Все, что я слышу, это бред. Все, что я вижу, галлюцинации. Но почему мне так адски холодно, почему так больно дышать?
Интубация, осенило меня, и от этого осознания слезы облегчения градом хлынули, размывая и старуху, и особняк, и сугробы. Я в машине скорой помощи или в больнице, я жива, и нужно перестрадать это все, стиснув зубы, перетерпеть, превозмочь. Мои кошмары на грани жизни и смерти могли быть еще невыносимее, а я всего лишь валяюсь в луже талого снега и собственных испражнений и дрожу.
Меня начали поднимать под руки. Старуха причитала, но уже так, не костерила меня, а обезличенно несла какую-то муть про смерть, лучший мир, сирот и заслонку. Вторые руки были мужскими, грубыми, но и старуха похвастаться нежной кожей не могла. А я…
А я кое-как встала на ноги, путаясь в длинной тяжелой юбке, и тут же застонала — я оказалась босая, наступила на что-то острое и капризно подпрыгнула. Старуха рыкнула на мужчину — это и был тот самый героический Ефимка, — взвалила меня на плечо и понесла. Была она невысокой, но сильной, и я, как ни хотела вырваться, не могла. Сквозь слезы я тыкалась носом в вонючую спину, и пахло от старухи едким, животным, не то коровами, не то лошадьми.

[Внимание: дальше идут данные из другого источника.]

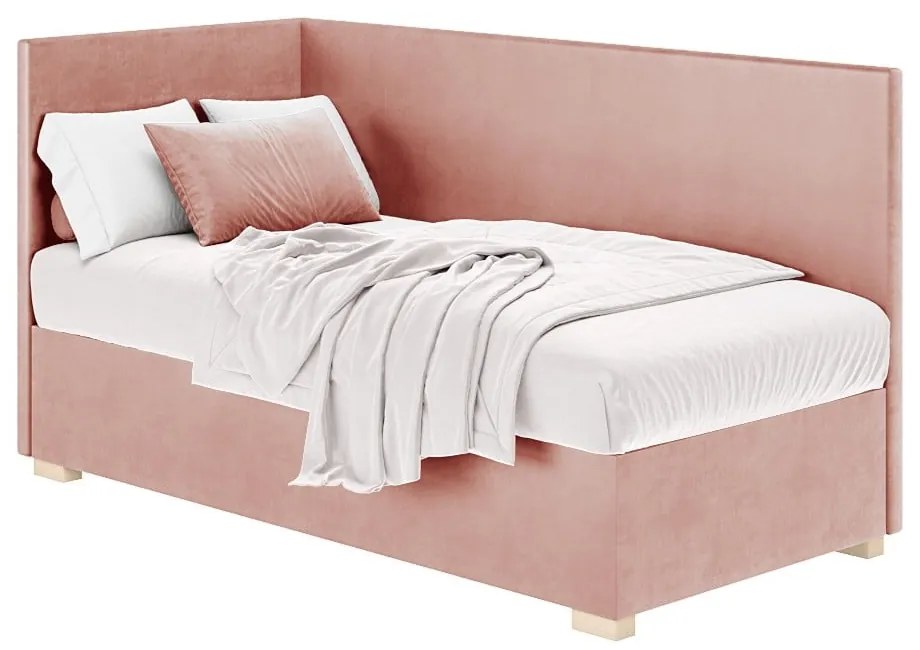 Różowe narożne łóżko dziecięce ze schowkiem i materacem 90x200 cm Flexi – Ghado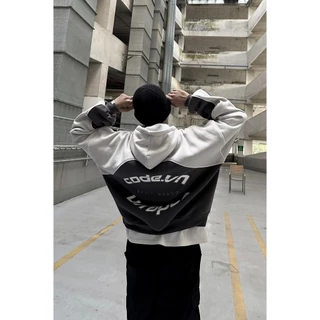 Hoodie boxy nam nữ phối nỉ bông local brand 400gsm from rộng dáng tay cánh dơi căp đôi unisex xám oversize basic Code vn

— Барыня! — раздался визг, и я, подняв с трудом голову, разглядела растрепанную девицу и заерзала, требуя у старухи поставить меня на землю. Старуха не обращала на меня никакого внимания, девица вертелась вокруг нас, и вместе с ней кружились сугробы, окна, деревья. Меня опять начало мутить. — Барыня! Матушка, уцелела! А я-то в детскую сразу кинулась, а вы…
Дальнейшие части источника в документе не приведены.